Judge Wendy Williams Berger – Nominee for the U.S. District Court for the Middle District of Florida

Judge Wendy Williams Berger is not a stranger to the art of judging, having been a state judge in Florida for the last thirteen years.  Berger, who served as an aide under Gov. Jeb Bush, looks favored to take a lifetime appointment on the Florida federal bench.

Background

Berger was born Wendy Leigh Williams on December 1, 1968 in Athens, Georgia.  Berger graduated cum laude from Florida State University in 1990 and from the Florida State University College of Law in 1992.[1]  After graduating, Berger joined the Office of the State’s Attorney for the Seventh Judicial Circuit in St. Augustine.[2]

In 2001, Berger joined the Office of Governor Jeb Bush as Assistant General Counsel and a Clemency Aide.[3]  She held that position until she was appointed in 2005 to be a Circuit Judge on the Seventh Judicial Circuit.[4]  In 2012, Gov. Rick Scott elevated Berger to be on the Fifth District Court of Appeal.[5]  She holds that position today.

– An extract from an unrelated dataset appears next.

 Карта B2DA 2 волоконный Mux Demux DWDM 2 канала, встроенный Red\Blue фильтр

In 2016, Berger was one of three finalists for an appointment to the Florida Supreme Court to the seat vacated by Justice James Perry.[6]  Scott ultimately chose to elevate Judge C. Alan Lawson, her colleague.

History of the Seat

Berger has been nominated to a seat on the U.S. District Court for the Middle District of Florida.  This seat opened on June 3, 2015, when Judge John Steele moved to senior status.  On April 28, 2016, U.S. Magistrate Judge Patricia Barksdale was nominated by President Obama to fill this vacancy.  However, even though Barksdale had the support of both Democratic Senator Bill Nelson and Republican Senator Marco Rubio, the Senate did not take any action on her nomination.

In early 2017, Nelson and Rubio urged Trump to renominate Barksdale and two other unconfirmed Obama picks in Florida.[7]  While Trump renominated one of the candidates, William Jung, Barksdale was not renominated.

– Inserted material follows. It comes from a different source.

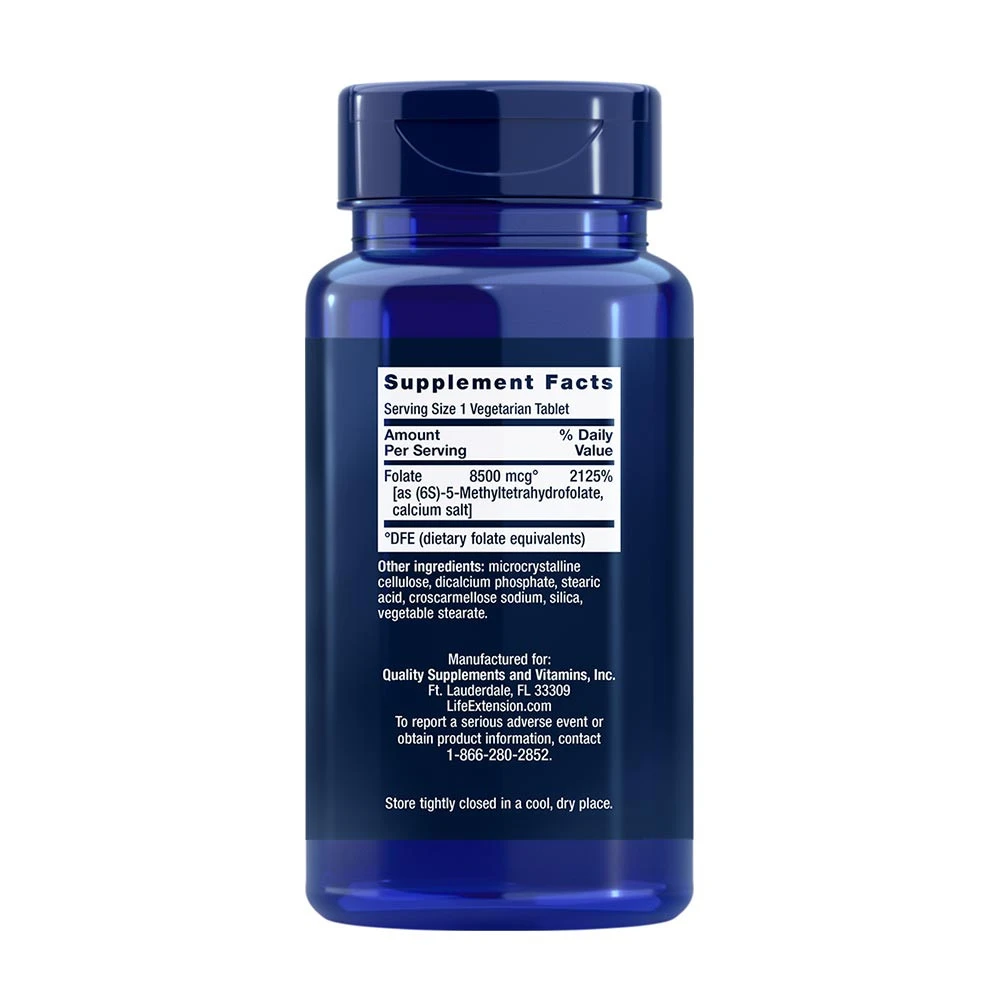 Folato de Alto Potencial Otimizado - 30 abas vegetarianas - Image 2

In October 2017, Berger applied for the judgeship with the Judicial Nominating Commission (JNC) set up by Nelson and Rubio.[8]  She was interviewed by the JNC and was selected as a finalist in December 2017.[9]  After interviews with Nelson, Rubio, and the White House, Berger was nominated on April 10, 2018.

Legal Experience

Berger started her legal career as a Florida state prosecutor.  In this role, Berger tried approximately 50 trials, ranging from misdemeanors to capital cases.[10]  Notably, Berger prosecuted Tanya Hudson for the death of her baby, successfully obtaining two manslaughter convictions.[11]  For her part, Hudson argued that her baby was stillborn and that she had never intended to kill the child.[12]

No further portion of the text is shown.